Work to complete: When you copy the listing, skip the images and return each line verbatim.

Given data:

▼▼▼

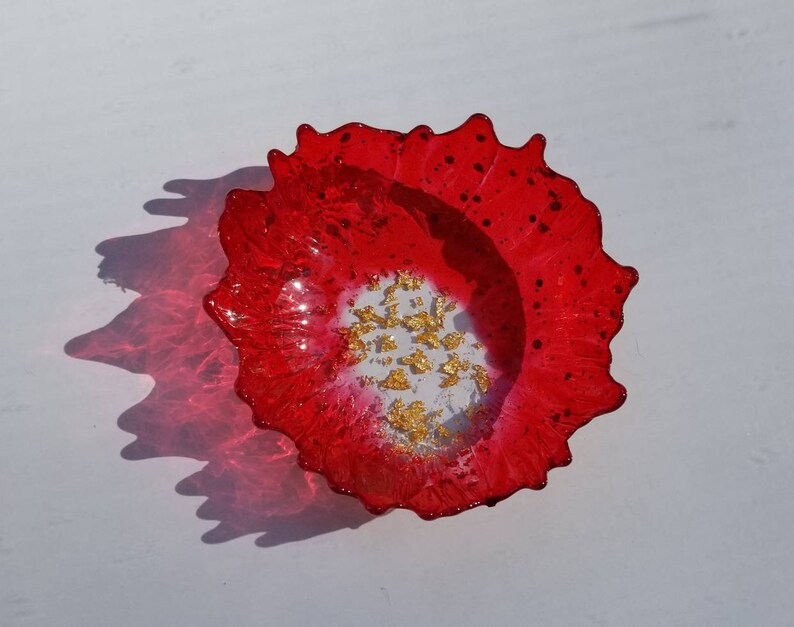 change Brilliant ruby red /& gold flake center handmade resin small ring dish for trinkets and jewelry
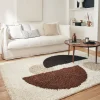 Indoor Shaggy-Teppich mit kreisförmigen Mustern, beige, braun, schwarz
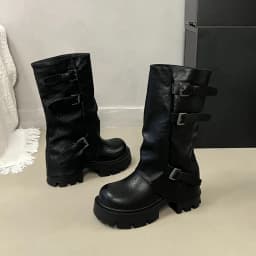 Women Platform Chunky Heel Mid Calf Boots Buckle Strap Pleated Faux Leather Shoes Casual Autumn Thick Sole Motorcycle Boots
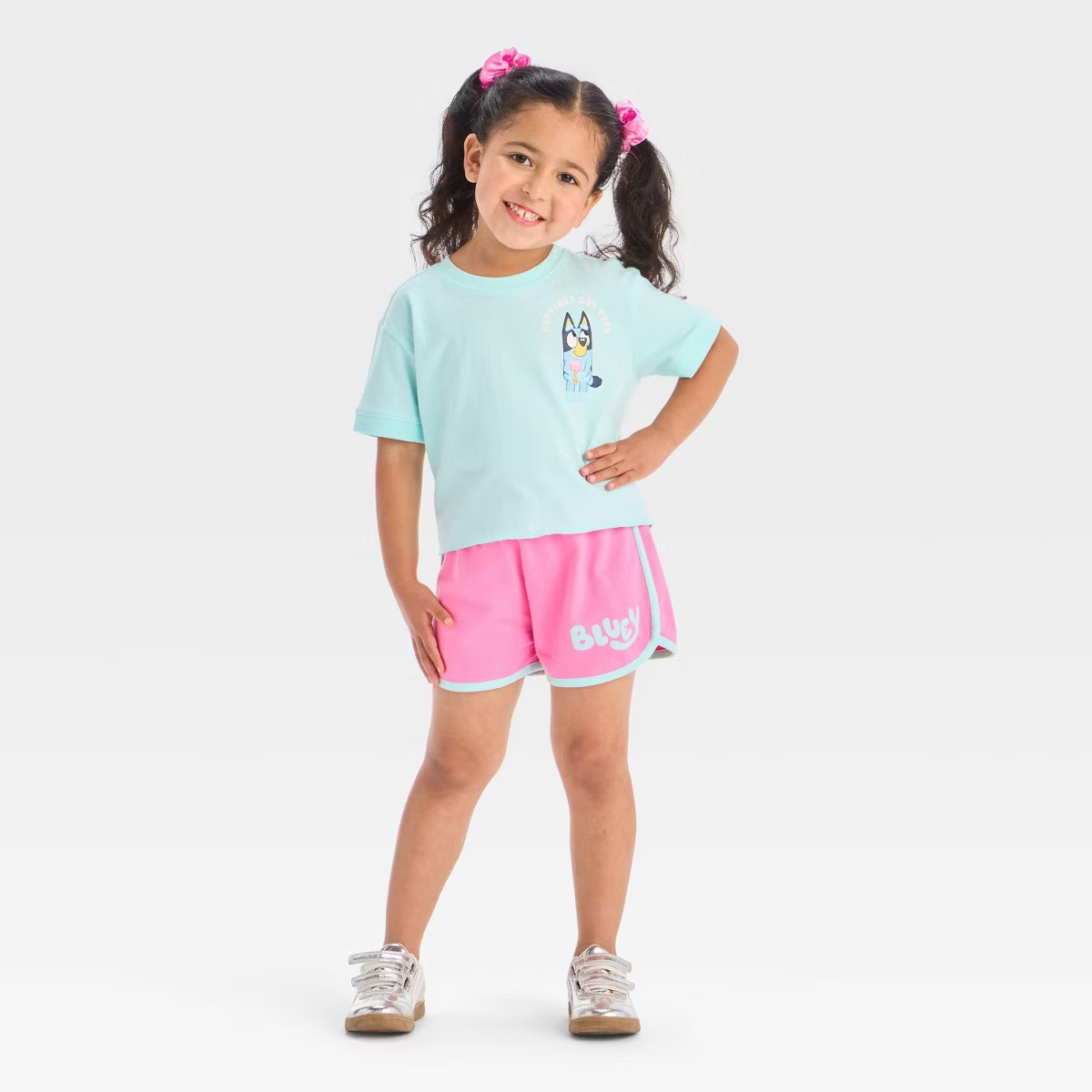 Toddler Girls' 2pc Bluey Short Sleeve T-Shirt and Shorts Set - Blue/Pink | Target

▲▲▲

Exercise answer:
 change Brilliant ruby red /& gold flake center handmade resin small ring dish for trinkets and jewelry
 Indoor Shaggy-Teppich mit kreisförmigen Mustern, beige, braun, schwarz
 Women Platform Chunky Heel Mid Calf Boots Buckle Strap Pleated Faux Leather Shoes Casual Autumn Thick Sole Motorcycle Boots
 Toddler Girls' 2pc Bluey Short Sleeve T-Shirt and Shorts Set - Blue/Pink | Target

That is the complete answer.